Earth’s Structure and Composition: A Detailed Study
Theme 3: Structure and Composition of the Earth
Methods of Study
Meteorites
Meteorites are solid, metallic, or stony objects that move at high speed through space. Normally, they are consumed when penetrating the atmosphere, but if large enough, they can reach the Earth’s surface. Today, they are thought to be remnants of the material that formed the solar system. Consequently, analogies are sought between these and the Earth. Among their minerals, there are some unknown on Earth. The most common are iron, diamonds, graphite, magnetite, and quartz.
Seismic Waves
Seismic waves are caused by different phenomena, but only those generated by major earthquakes, volcanic eruptions, asteroid impacts, and nuclear explosions can pass completely through the Earth.

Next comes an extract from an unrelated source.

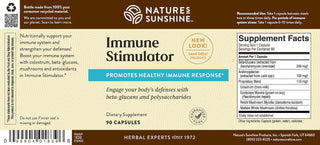 Immune Stimulator (90 caps)<br>Stimulates the body’s immune response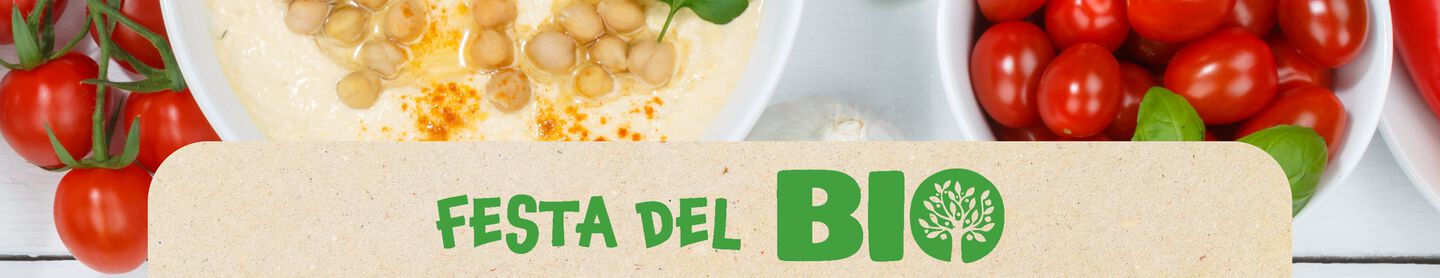 Un mese di promozioni sui prodotti biologici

They are of two types:
- Surface Waves: Cause the most damage during earthquakes.
- Internal Waves: The most useful for studying the Earth’s interior.

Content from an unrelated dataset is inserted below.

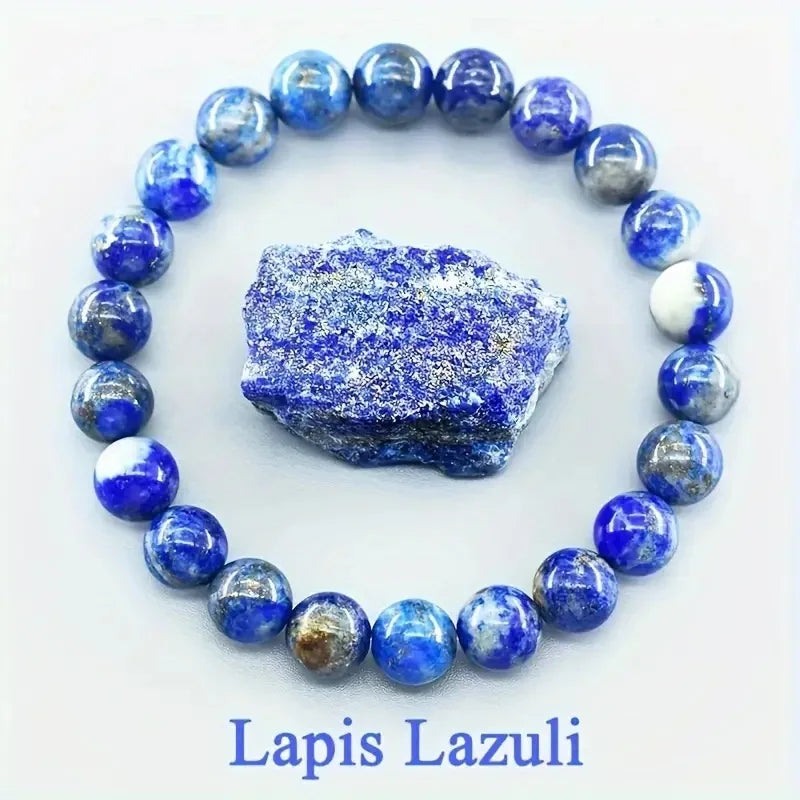 Natural Stone Beads Healing Bracelet for Men & Women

An earthquake generates two types of seismic waves: P-waves and S-waves.
- P-waves (Primary Waves): These are the fastest and can pass through solids, liquids, or gases. The materials through which a P-wave passes expand and compress as the wave moves, recovering their initial size and shape when the wave has passed.
- S-waves (Secondary Waves): These are generally slower than primary waves and can only pass through solids. S-waves are transverse waves, flattening the material through which they spread.
The velocities of P and S-waves depend on the density and elasticity of the materials they traverse. Seismic waves move outwards as wave fronts from their area of origin. The behavior and the time it takes for the waves to travel through the interior of the Earth give scientists a lot of information about its structure.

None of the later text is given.